The problem with both situations (VC/entrepreneurs and employers/employees) is
that there's a cost associated with evaluating a candidate.

I don't think anyone doubts that good opportunities (and candidates) exist at
all at lower tier schools, but it seems very likely that there are fewer of
them.

If your resources are already constrained by something other than the number
of opportunities you can afford to fund/hire (e.g. time to
evaluate/interview), then it doesn't make sense to expand your search if it
means lowering your success rate.

------
kelukelugames
I don't think any HNers aspire to become Chris Christie.

------
doctorpangloss
> "Moreover, in David and Goliath, Malcolm Gladwell draws upon research that
> shows it’s actually more advantageous for a student to attend a college
> where they can be in the top 10% rather than in the bottom half of the
> class. It’s the top students at every college who receive the kind of
> attention from faculty and access to special programs that pave the way to
> more opportunity after college."

I thought this theory—mismatch theory—was discredited?

To clarify for future responses, check out this amicus brief sent to the
Supreme Court in the affirmative action case Fisher v. University of Texas.
[0] There is a particularly exhaustive section pp. 14-16.

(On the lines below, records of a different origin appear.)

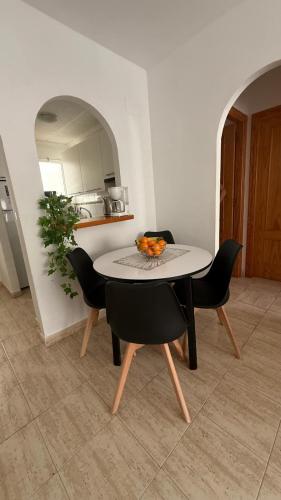 MILA Słoneczny Apartament w Torrevieja Centrum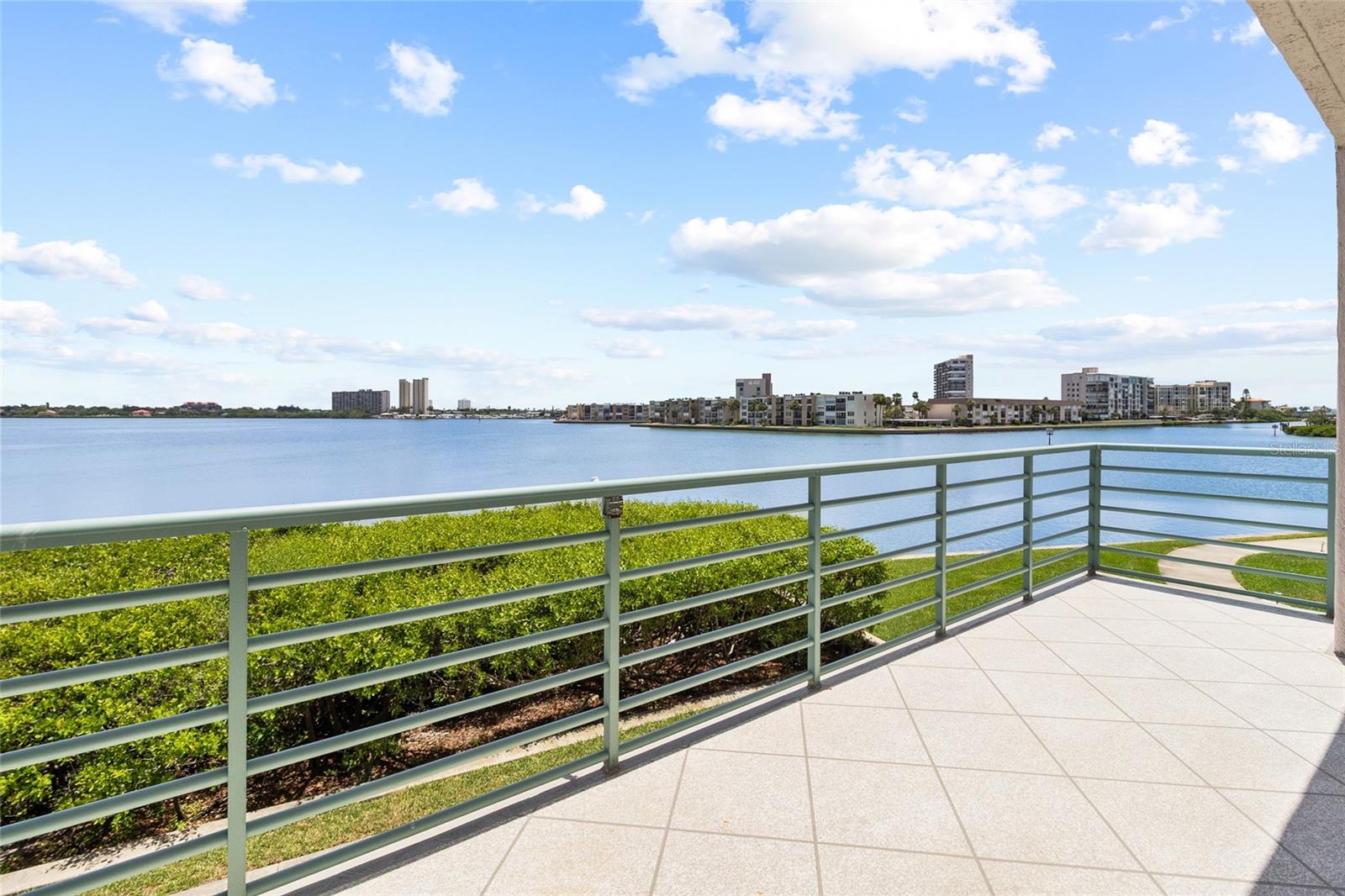 EXTENSIVE EXTRA LARGE BALCONY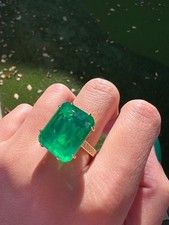 6.30 Ct Emerald Green Solitaire Ring Elegant Gold Classic Design Natural Jewelry picture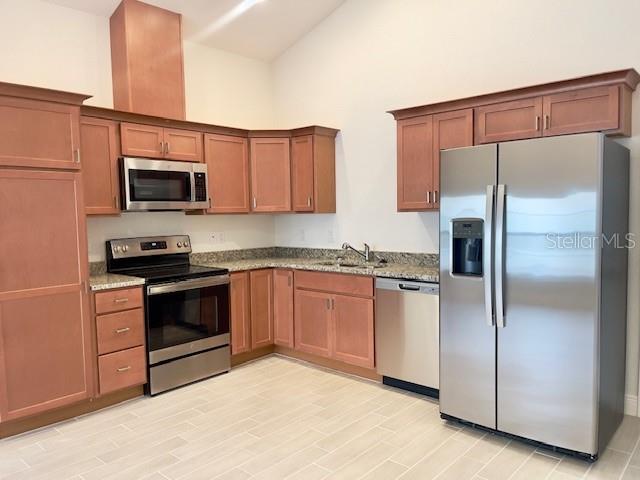 2108 SHANTINIKETAN BLVD #B8, TAVARES, FL, 32778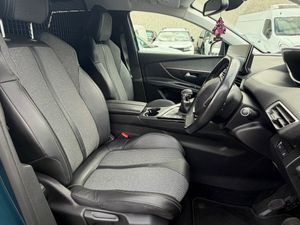 2022 Peugeot 3008 Commercial - Image 4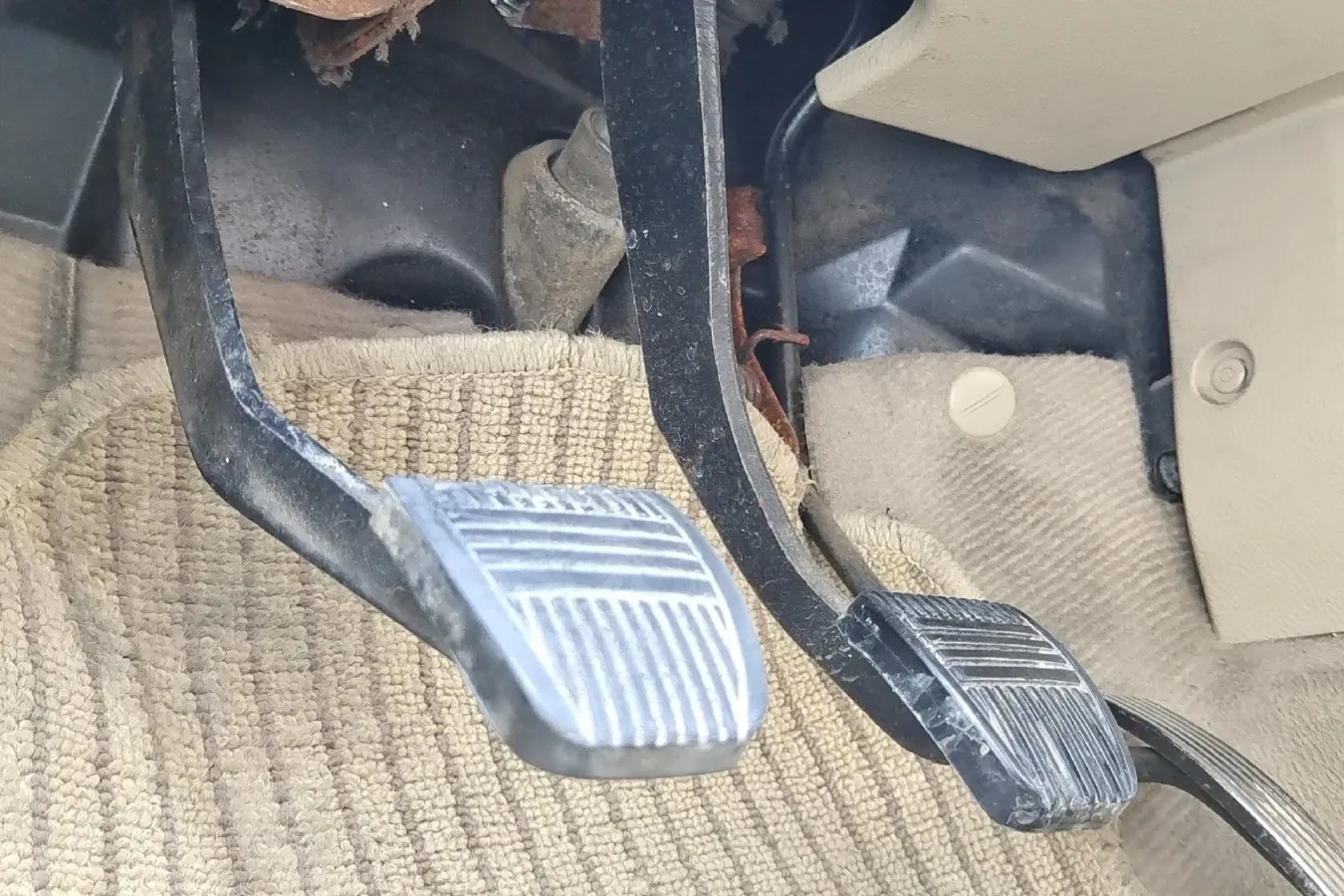 2011 FAW Senia M80 1.3L 91HP L4 5MT,autocango,china used car exporter,china ev exporter,chinese used car exporter,chinese used ev exporter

I bring this up (and prepare myself for the inevitable downvotes) because I
feel like this mismatch theory exists only in the particular social debate
around affirmative action, not because it necessarily is or is not true (even
though mismatch theory is probably not true). Malcolm Gladwell's two stories
in David and Goliath and in Outliers—general musings about private schools and
musing about football players [1]—plus the one study by a journalist and an
economist [2] arguing for Fisher are the entirety of the basis of mismatch
theory. There may be two more articles supporting it since the Fisher case
went to trial years ago. The amicus I link above must reference a dozen
studies refuting it, from a variety of researchers in a variety of contexts.
You'd have to believe there was a huge multi-academic conspiracy to simply
ignore that evidence—you know, the kind that people think exists with climate
change research.

Mismatch theory may be the only argument that is persuasive to these parents,
because on the face of it, mismatch theory is consistent with their values for
improving their children's positivist success. But what if it's not true?
Trying to ignore the reality that the rat race pays off is not going to reduce
suicides.

[0] [http://www.scotusblog.com/wp-content/uploads/2015/11/LCCR-
an...](http://www.scotusblog.com/wp-content/uploads/2015/11/LCCR-and-Mintz-
Fisher-Amicus-Empirical-Scholars.pdf)

[1] [http://www.nytimes.com/2013/10/03/books/david-and-goliath-
by...](http://www.nytimes.com/2013/10/03/books/david-and-goliath-by-malcolm-
gladwell.html) "As usual, Mr. Gladwell’s science is convenient. He has charts
to back up his premise about academic success, but how is success measured? In
happiness? Salary? Getting jobs, or keeping them? Read the annotations if you
must, but they won’t get you far. Mr. Gladwell needs a David-Goliath school
story, so he creates one. His version happens to have common sense on its
side, even if it is in no way definitive or complete."

[2]
[https://www.utexas.edu/vp/irla/Documents/ACN%20Richard%20San...](https://www.utexas.edu/vp/irla/Documents/ACN%20Richard%20Sander%20and%20Stuart%20Taylor.pdf)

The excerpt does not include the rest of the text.